The reliability of sperm analysis is based on following specific rules throughout the whole procedure, including:
The preparation of the examined person
The sample collection
The conduction of examinations
The recording of the results
The delivery of results to the examined person

A necessary prerequisite for the proper implementation of all the above steps, is the application of a strict Quality Assurance System by the Laboratory that conducts the examination.

Collection instructions:

Abstinence from ejaculation for 2-7 days, ideally 2-4 precisely. Any period shorter or longer than that may affect the result.
The most advisable way of sampling is masturbation. It is also possible to use a special condom without the spermicidal substances of common condoms. For further details contact the Laboratory.
Thorough genital and hand washing with abundant water, so as not to leave any soap residues.
Collection, with good erection, of the entire sample with particular attention to the first drops that contain the best fraction of ejaculation.
If collection takes place outside the Laboratory, the sample must be transferred preferably within 45 minutes (no more than 1 hour) while kept in body temperature.

Attention:

If fever or a serious health condition has occurred recently, please consult your doctor before proceeding to the sperm examination. It is advisable to avoid examination until sufficient time has elapsed (around 2.5-3 months) to avoid any negative effect on the results.

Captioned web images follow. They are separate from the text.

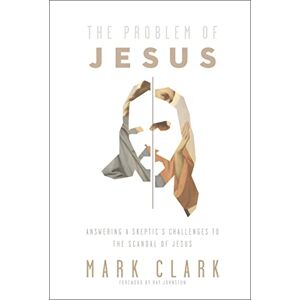 Clark, Mark PROBLEM OF JESUS SC: Answering a Skeptic’s Challenges to the Scandal of Jesus Clark, Mark PROBLEM OF JESUS SC: Answering a Skeptic’s Challenges to the Scandal of Jesus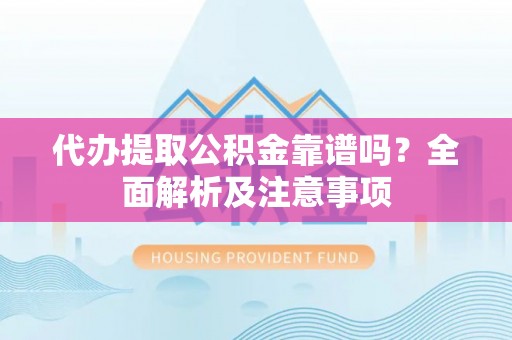 绥德代办提取公积金靠谱吗？全面解析及注意事项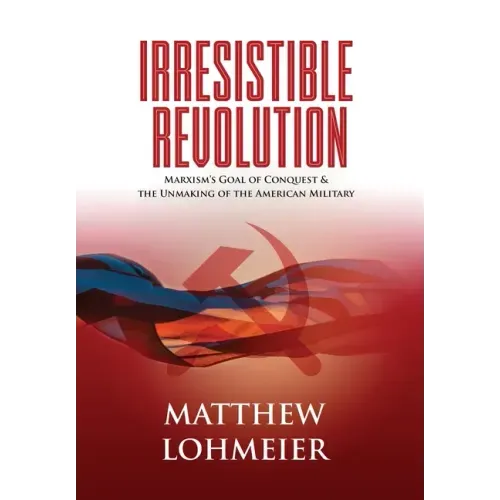 Irresistible Revolution: Marxism's Goal of Conquest & the Unmaking of the American Military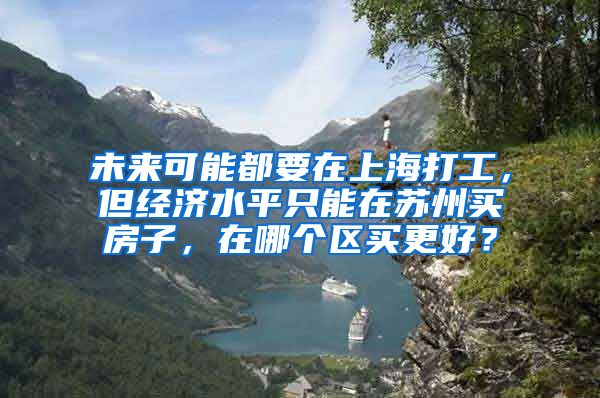 未来可能都要在上海打工，但经济水平只能在苏州买房子，在哪个区买更好？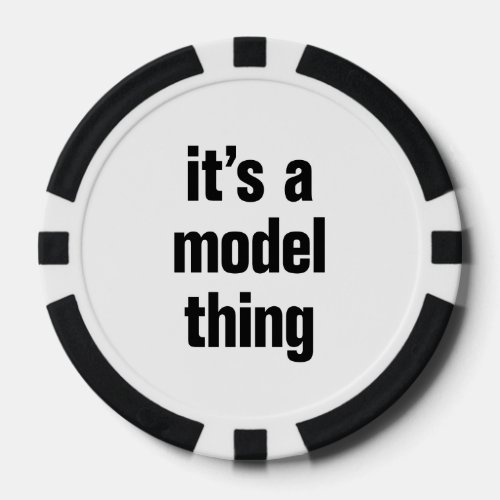 its a model thing poker chips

If fever or a serious health condition has occurred recently, please consult your doctor before proceeding to the sperm examination. It is advisable to avoid examination until sufficient time has elapsed (around 2.5-3 months) to avoid any negative effect on the results.

The new reference values for the basic sperm parameters, based on data of the World Health Organisation (2010), are the following:

Parameters Reference Value
Sperm Volume 1,5 ml
Spermatozoa concentration (number of spermatozoa per volume unit) 15.000.000/ml
Total number of spermatozoa per ejaculation 39.000.000
Propulsive mobility of spermatozoa (fast + slow)) 32 %
Typical forms of spermatozoa (“normal” morphology) based on the strict assessment criteria as per Tygerberg 4%
Vitality (living spermatozoa) 58%

A sperm is considered to be normal when the values of the parameters are above such thresholds, without certainty as to the fertility of the sperm. On the contrary, a sperm with parameters below the thresholds is not necessarily considered to be unable for fertilization.

Such thresholds have been established based on international studies on men who have achieved normal pregnancy within one year of intercourse without contraception. Therefore, they constitute a guideline for the assessment of increased or reduced possibilities of pregnancy by men whose spermiogram is above or below the specific thresholds.

The fertilisation potential depends on various factors and is assessed based on the spermiogram and further specialized laboratory examinations, clinical history and gynaecological profile.